Everyone at some point seem to come to the question of free will or fate. The two seem incompatible: How can we be bound by fate, while also have free will?  Are we just passengers on a journey where our future is mapped out already, or do we have freedom to change and choose our lives?

See what you think in the following parable or – better yet listen to the story here:

 

Imagine you are a musician. You are the peccussionist in a symphony orchestra in a major city. You are also a phillosopher and lately you have been contemplating the question of free will. Tonight is the opening of a new series of operas and you a dressing up in your finest clothes.

You take a cab to the opera-house, enter, and meet with collegues, who are all modestly excited about the night. You file into the stage with a full house in attendance and find your place and your instruments.

As you settle in your mind returns to the thought of wether or not you have free will over your life. The music in front of you dictates what you will be doing, when, how loud and for how long. Your first notes call for series of triangle triplets at bar 62 and you think to yourself: To prove to myself I have free will, I could decide to not ring this triangle at bar 62. Would that not be an expression of my free will? I don’t actually have to play the notes written for me.  And you consider the idea more: The price to pay would be a few raised eyebrows, a comment afterwards by the conductor, perhaps, but you would probably not be fired and life would go on as always.
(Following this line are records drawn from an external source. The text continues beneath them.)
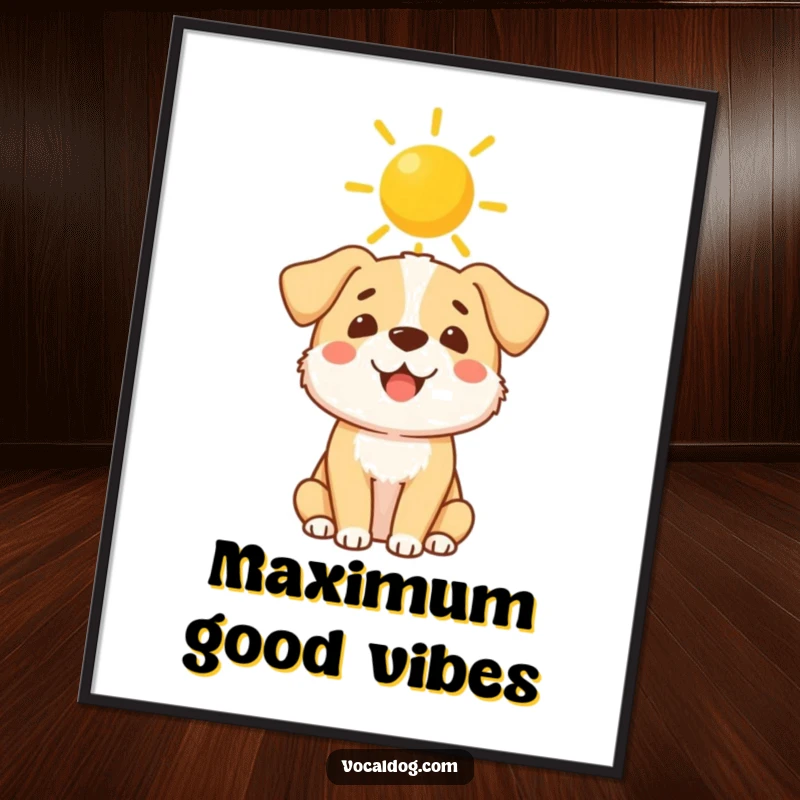 Funny Poster: An illustration of a blissful dog with a glowing halo of sunshine radiating divine happiness.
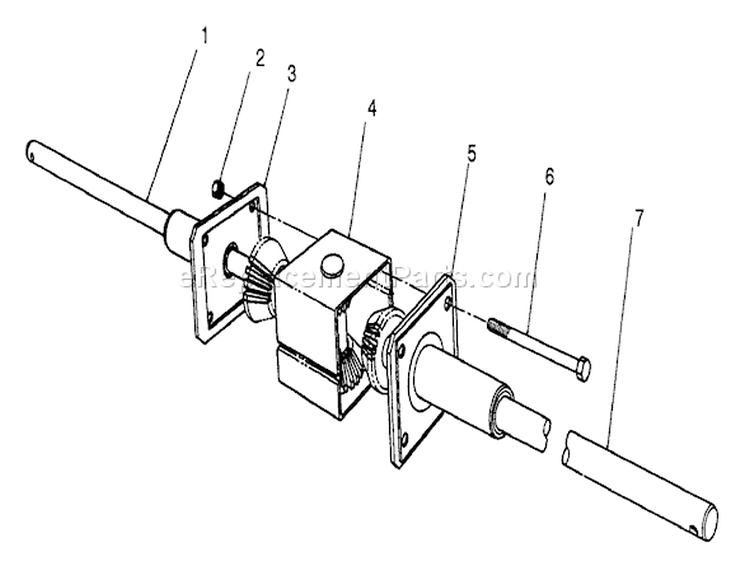 Differential Assembly Diagram and Parts List for 56190 2000001-2999999 - 1992 Toro Lawn Tractor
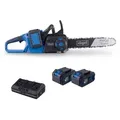 Scheppach Akku-Kettensäge BC-CS355Duo-X | 14‘‘ / 35,6 cm ProCut-Schwert | Brushless Motor | 20V | Softstart | inkl. 2x 4Ah Akku + 4,5A Doppell...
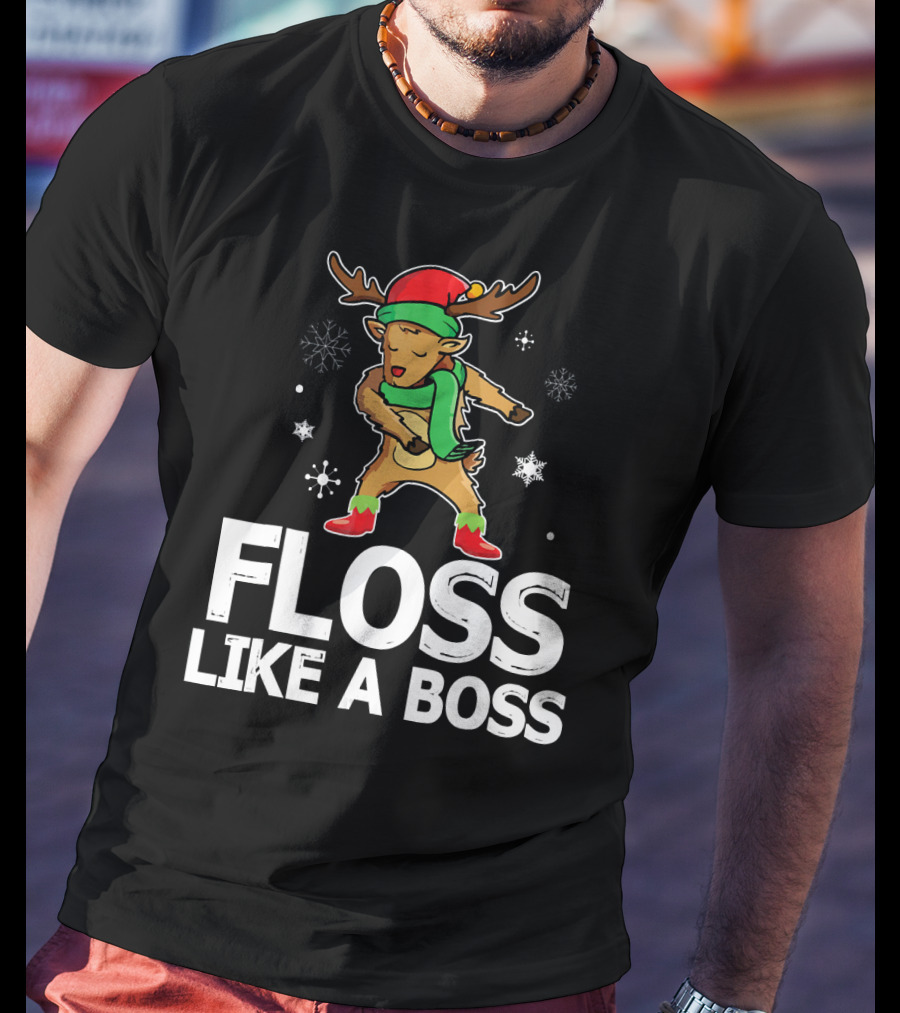 Reindeer ELF Costume Floss Like A Boss Snowflakes Christmas Dance T-Shirt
The conductor arrives. Everyone settles down. He raises his arms and the music begins. 

It is Wagner tonight, and the overture swells and turns as you dutifully count the bars. At bar 40 you pick up the triangle, but you are not sure if you will chime at 62 or not. So much of your life is series of have-to’s and must-do’s – it would be delicious this once to have your own will to follow. You are now at bar 50.

The music is like a stormy ocean, the waves are building under dark and powerful clouds. At bar 56 a chrescendo reaches up towards the heavens and as the wave crests and breaks into a million particles you are supposed to be ringing your triangle as the music falls into the abyss. Bar 60. Bar 61. Bar 62…

What will you do?
What will you do in this story?

Don’t read further until you have answered for yourself.

If you are like most people, you say you would ring the triangle.

Why?

First of all, if you are a musician, you belong to the music more than to your mind. But more importantly, at bar 62 the moment and everyone around you cry out for a triangle, and you are the only one in the hall who poseesses such a thing – and you are even trained in how to use it. 

Here is what I have found: When we have an opportunity to supply what the moment calls for, and especially if no one else can provide it, there is nothing more satisfying that that. You may have free will, but you simply don’t care about choice if you are in the right place at the right time.